Een optreden van de Canadese basgitarist Pierre Alexandre Tremblay in Prins 27 was maar half geslaagd. De elektronische bewerkingen die hij losliet op zijn basgitaar zorgden voor beurtelings etherische en gruizig zwarte klanken. Die aangename verrassing deed hij effectief teniet door een sopraan ten tonele te voeren die zich te buiten mocht gaan aan alle clichés die hedendaagse muziek maar te bieden heeft. (rvp)
Rewire 2016 samenvatten in twee zinnen was dit jaar geen onmogelijke opgave: een strak georganiseerd festival met optredens van hoge kwaliteit en een goede sfeer, maar door het hoge tempo bood het soms net iets te weinig ademruimte om bij te kletsen met bekenden, even door de stad te slenteren of de oren te laten rusten. Desalniettemin was er elke dag een onverwacht hoogtepunt.
Hoewel dat aanvankelijk de bedoeling was, bespeelde Kara-Lis Coverdale tijdens Rewire 2016 niet de gehele tijd het orgel van de Lutherse kerk.
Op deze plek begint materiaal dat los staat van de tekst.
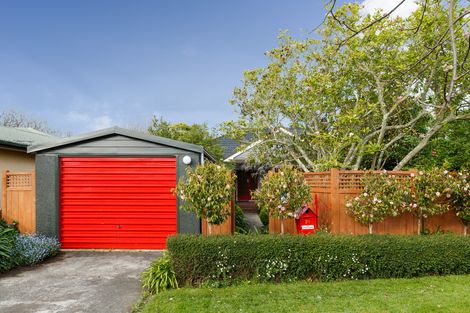 Photo of property in 21 Phoenix Avenue, Hokowhitu, Palmerston North, 4410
Dat was echter geen beletsel voor het naderen van hogere machten. Samen met audiovisueel kunstenaar MFO pakte ze de kerk in in een spinnenweb van gelaagde hemelse elektronische klanken. De grillige en mesh-achtige visuals die overliepen in abstract-geometrisch patronen sloten naadloos aan bij de muziek.
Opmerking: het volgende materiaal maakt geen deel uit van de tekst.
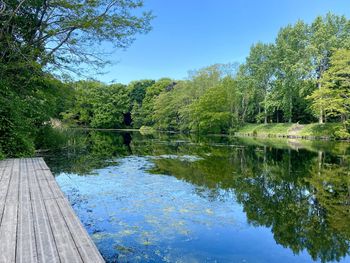 Reflection of trees in lake against sky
Wat krijg je als je twee duistere techno-producers samenzet met de Lucifer van de noise? Vessel + Black Rain + Pete Swanson, oftewel een geluid dat net als in Dante’s Inferno klinkt als trompetgeschal dat de komst van het allerergste laat vermoeden. Om dan over te gaan in noise die ritmisch beukt als een enorme blaasbalg om het hellevuur aan te wakkeren. Voor deze heren geen vagevuur.
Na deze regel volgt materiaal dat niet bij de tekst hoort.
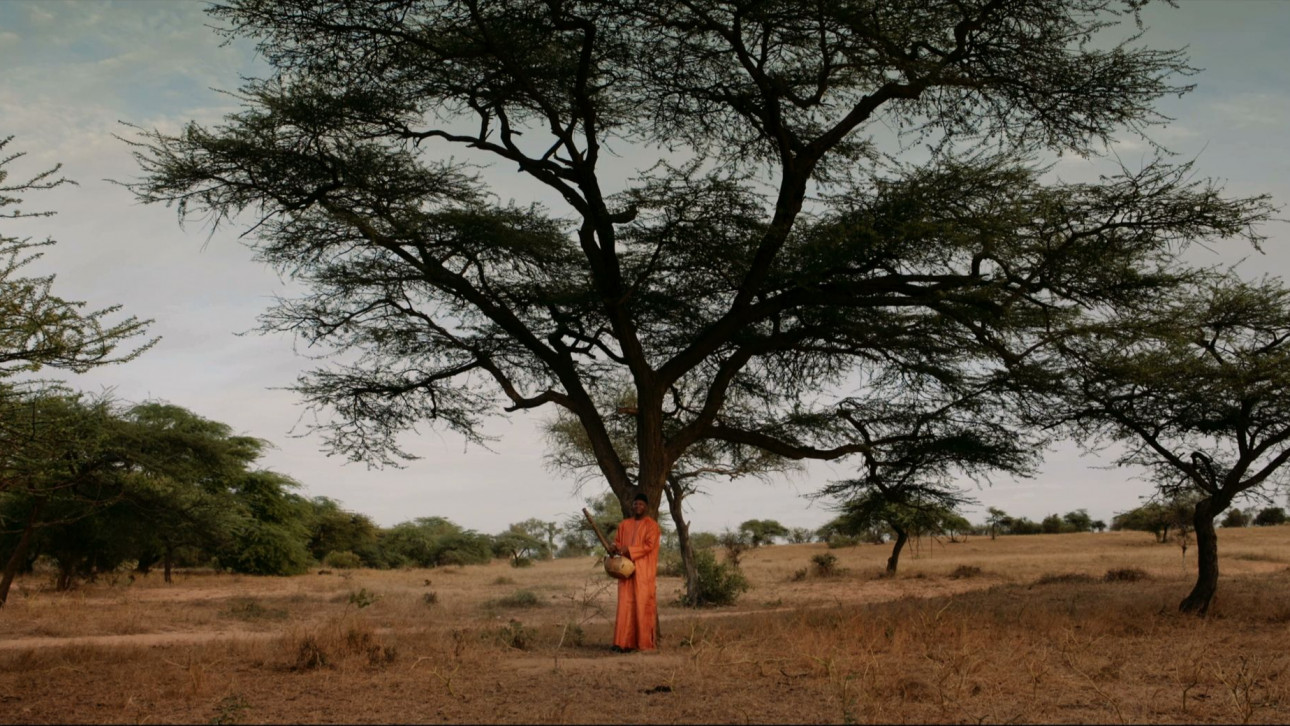 ПОВЕЛИТЕЛЯТ НА ГОРИТЕ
Dat bijna-veteraan James Welburn nog teveel een onbekend én onbemind is, is vooral jammer voor wie zijn debuut ‘Hold’ op Miasmah vorig jaar, alsook zijn concerten in STUK en Rewire heeft gemist. Toch was er voor zijn inderhaast ingelast concert op Rewire op een mooie zondagmiddag een behoorlijke opkomst. Voor de gelegenheid speelde Welburn samen met Dead Neanderthals-drummer René Aquarius. Welburn leek beheerst te spelen en alles onder controle te willen houden, terwijl het er alle schijn van had dat Aquarius helemaal los ging. Bij nader horen bleek het echter omgekeerd te zijn: een ontketende Welburn liet zijn vroegere onzekerheid varen en ging zijn gitaar, pedalen en elektronica ongedeerd te lijf, terwijl Aquarius het geheel strak omkaderde. Na deze felle uitbarsting van rock, metal en jazz moesten we even knipperen met onze ogen toen we weer buiten in de avondzon stonden.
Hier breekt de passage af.